Mise à jour. Ce lundi 7 mars, à 6h30, une grosse centaine de CRS est venue cueillir les réfugiés installés sous le métro aérien de Stalingrad. eComme d’habitude personne n’a été prévenu », soupire Houssam, un bénévole présent sur place ce matin. Selon lui, plus de 200 réfugiés ont été emmené vers des centres d’hébergement ou des hôtels sociaux installés dans toute l’Île-de-France. 50 autres seraient restés sur le carreau.
« C’était la 25e expulsion depuis le 2 juin dernier, si l’on compte même celles sans plans d’hébergement », précise Houssam. Il est toujours impressionné par les moyens mis en place :
« Ce matin c’était une évacuation policière, il n’y avait pas de personnes de l’OFPRA [Office Français de protection des réfugiés et apatrides, ndlr.]. Ils ont quadrillé tout le quartier de La Chapelle à Jaurès. »
Comme d’hab, selon l’homme à la casquette militaire kaki, les flics n’auraient pas fait dans la dentelle :
« Je me suis même mangé un coup de matraque parce que je protestais contre la manière dont ils traitaient une mère enceinte »
Stalingrad, sous le métro aérien (19e) — « Il faut qu’on tienne ce soir. Cela fait longtemps qu’on n’a pas réussi à monter un camp comme ça. » Sous le métro Stalingrad, Karim sautille, frotte ses mains l’une contre l’autre avant de les enfourner dans les poches de sa parka. Il est 10h30 ce jeudi 3 mars et ce membre du collectif La Chapelle Debout a passé la nuit dehors en compagnie des migrants. La veille, une trentaine de réfugiés a posé cartons et couvertures sur ce bout de trottoir.
Et ce matin, le froid les glace jusqu’aux os. « Les dernières nuits, les flics nous suivaient. Ils empêchaient les réfugiés de se poser », raconte Karim. Au terme d’une de ces parties de cache-cache nocturne, cet habitant de Barbès avait même fini par mettre les réfugiés à l’abri dans un parking du 18e :
« Je leur ai d’abord demandé si ça leur allait. Et ils se sont installés. Ils ont au moins pu dormir »
Un point de fixation
Deux jours après l’installation du camp, une grosse centaine de réfugiés dort là. Leur objectif ? Tenir suffisamment longtemps pour forcer la main à la mairie et obtenir des places en hébergement d’urgence.
Leur objectif ? Tenir suffisamment longtemps pour forcer la main à la mairie et obtenir des places en hébergement d’urgence. / Crédits : Tomas Statius
Pour l’instant même si rien ne protège les réfugiés des bourrasques qui s’engouffrent sous le métro, le camp s’organise. Les soutiens affluent. Ils apportent chaussettes, nourritures et médicaments à ceux qui en ont besoin. Sur le bas-côté, plusieurs camionnettes de CRS stationnent en permanence. « Si vous installez une tente, on la confisquera », tente d’expliquer cet officier aux réfugiés.
Shakir, réfugié et SDF
Petite doudoune sur le dos, chaussures en cuir bien vernies, Shakir n’a pas franchement l’air de sortir de son sac de couchage quand on le rencontre au camp de Stalingrad. Pourtant ce jeune Afghan de 25 piges a passé la nuit dehors. Shakir est coutumier du fait : depuis son arrivée en Europe en 2011, l’ex-banquier galère de foyers d’accueil d’urgence en squats de sans pap’ sans parvenir à se poser. Après avoir tenté sa chance à Bruges pendant 2 ans, il est depuis quelques mois de retour à Paname :
« Là-bas j’avais une copine, je travaillais dans un resto mais je n’ai pas obtenu de papiers »
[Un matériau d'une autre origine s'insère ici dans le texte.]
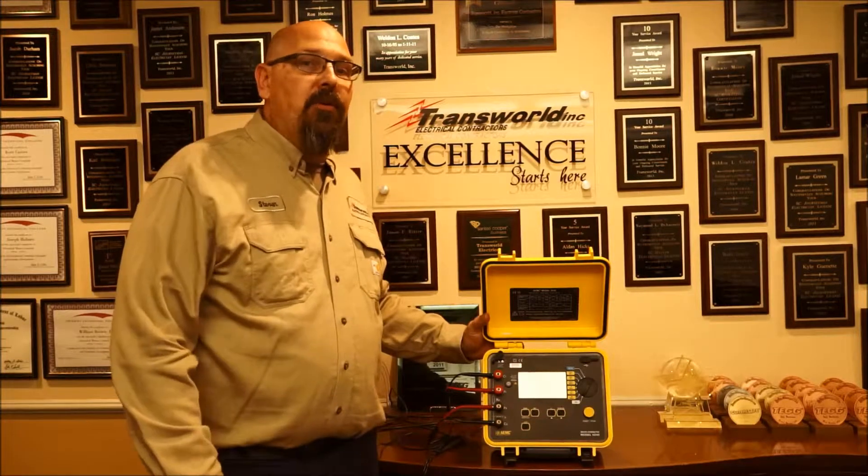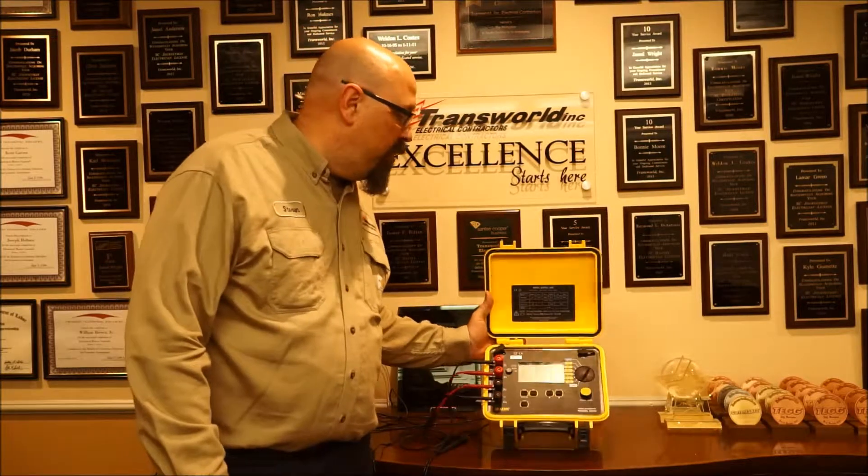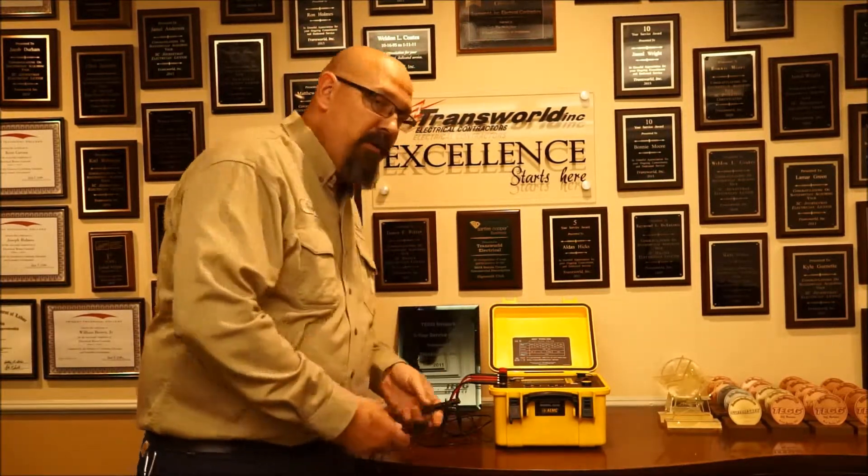How does it work? Very simple. You take your component that you want to test and put it in series with the meter using these probes.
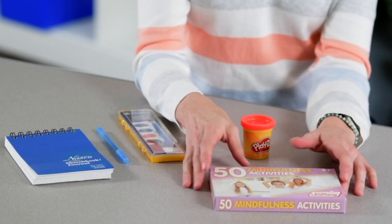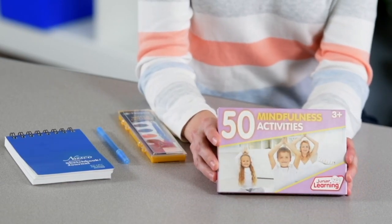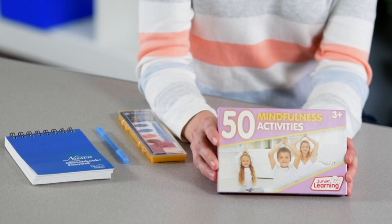The included set of double-sided activity cards are divided into four groups so that each student may choose an activity that best fits their needs at any given moment or specific lesson in class. The cards can be used individually, in groups, or with their parents at home.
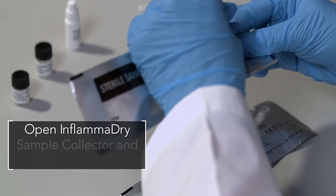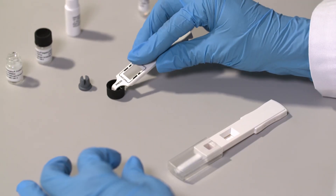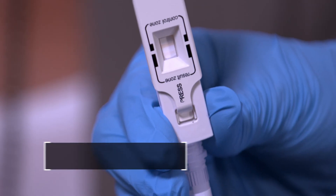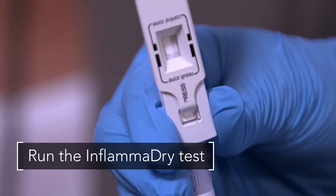Open the sample collector pouch from an unused InflammaDry test. Dip the sampling fleece into the control liquid in the black cap. Run and read the InflammaDry test results per the instructions provided in the test package insert.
Si niveau asile, Shakir est plutôt verni — il vient d’obtenir le statut de réfugié – il est toujours à la rue. Sans job, ni réelle perspective : « Les associations n’ont pas de logements pour moi ». Entre deux bouffées de cigarettes, il demande naïvement :
« Ici, comment on fait pour avoir un appartement ? »
« Calais, c’est fini »
Alors que la partie sud de la jungle de Calais est toujours en train d’être démantelée, les bénévoles attendent un afflux de migrants en provenance du nord de France. « 200 à 300 devraient arriver d’ici la fin de la semaine », assure l’un d’eux à StreetPress. Il tient ses infos de potes présents dans le bidonville.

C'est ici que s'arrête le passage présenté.